### Collected material

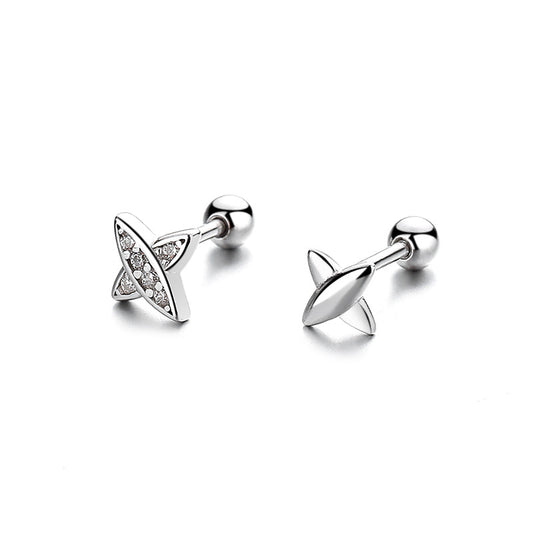 925 Sterling Silver X Screw Back Stud Earrings
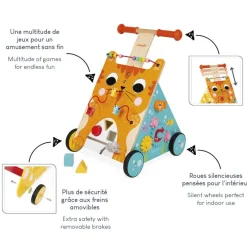 Janod Chariot Multi-Activités Chat (bois)* Bouliers, Loopings & Panneaux D'Activités|Manipulation & Encastrement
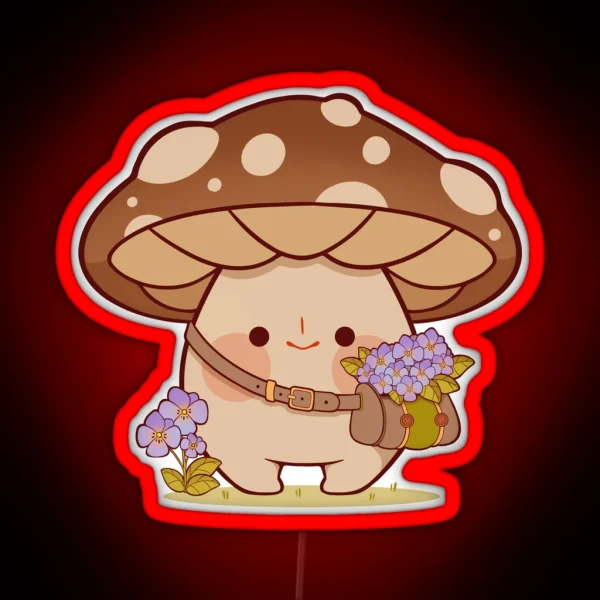 Flower Picking Mushroom RGB Neon Sign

### Exercise objective
Copy the listing above word for word. Do not include the pictures.

### Answer section
 925 Sterling Silver X Screw Back Stud Earrings
 Janod Chariot Multi-Activités Chat (bois)* Bouliers, Loopings & Panneaux D'Activités|Manipulation & Encastrement
 Flower Picking Mushroom RGB Neon Sign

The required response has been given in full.